Problem details => Only lines with the word "White" belong in the answer; copy them from the records below.

Data records =>
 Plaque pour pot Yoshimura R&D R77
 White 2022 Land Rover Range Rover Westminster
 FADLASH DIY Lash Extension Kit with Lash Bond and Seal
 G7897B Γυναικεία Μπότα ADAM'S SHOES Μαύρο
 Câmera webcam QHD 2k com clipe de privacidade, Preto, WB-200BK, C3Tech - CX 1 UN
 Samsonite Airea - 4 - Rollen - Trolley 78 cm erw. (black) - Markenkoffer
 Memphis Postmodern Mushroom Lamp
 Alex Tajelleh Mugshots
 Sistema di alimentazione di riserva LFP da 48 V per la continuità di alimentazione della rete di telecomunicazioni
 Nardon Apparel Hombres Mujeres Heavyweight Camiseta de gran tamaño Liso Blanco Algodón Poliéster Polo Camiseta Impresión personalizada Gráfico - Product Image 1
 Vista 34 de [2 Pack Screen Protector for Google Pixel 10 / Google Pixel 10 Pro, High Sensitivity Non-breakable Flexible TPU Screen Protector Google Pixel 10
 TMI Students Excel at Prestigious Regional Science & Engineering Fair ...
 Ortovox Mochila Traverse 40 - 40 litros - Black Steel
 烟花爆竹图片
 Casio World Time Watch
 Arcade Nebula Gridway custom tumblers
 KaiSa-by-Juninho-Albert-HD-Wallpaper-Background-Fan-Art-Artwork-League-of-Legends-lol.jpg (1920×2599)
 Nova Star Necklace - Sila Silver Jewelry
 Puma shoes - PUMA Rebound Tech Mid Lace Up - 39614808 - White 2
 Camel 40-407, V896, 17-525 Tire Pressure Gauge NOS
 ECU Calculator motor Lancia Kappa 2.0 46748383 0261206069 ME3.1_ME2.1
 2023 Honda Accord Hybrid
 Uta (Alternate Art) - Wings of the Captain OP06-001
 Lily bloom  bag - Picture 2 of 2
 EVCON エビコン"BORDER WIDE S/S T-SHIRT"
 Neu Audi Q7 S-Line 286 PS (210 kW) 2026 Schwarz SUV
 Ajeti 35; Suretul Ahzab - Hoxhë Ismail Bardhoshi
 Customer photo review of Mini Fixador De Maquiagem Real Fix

Reply =>
 White 2022 Land Rover Range Rover Westminster
 Puma shoes - PUMA Rebound Tech Mid Lace Up - 39614808 - White 2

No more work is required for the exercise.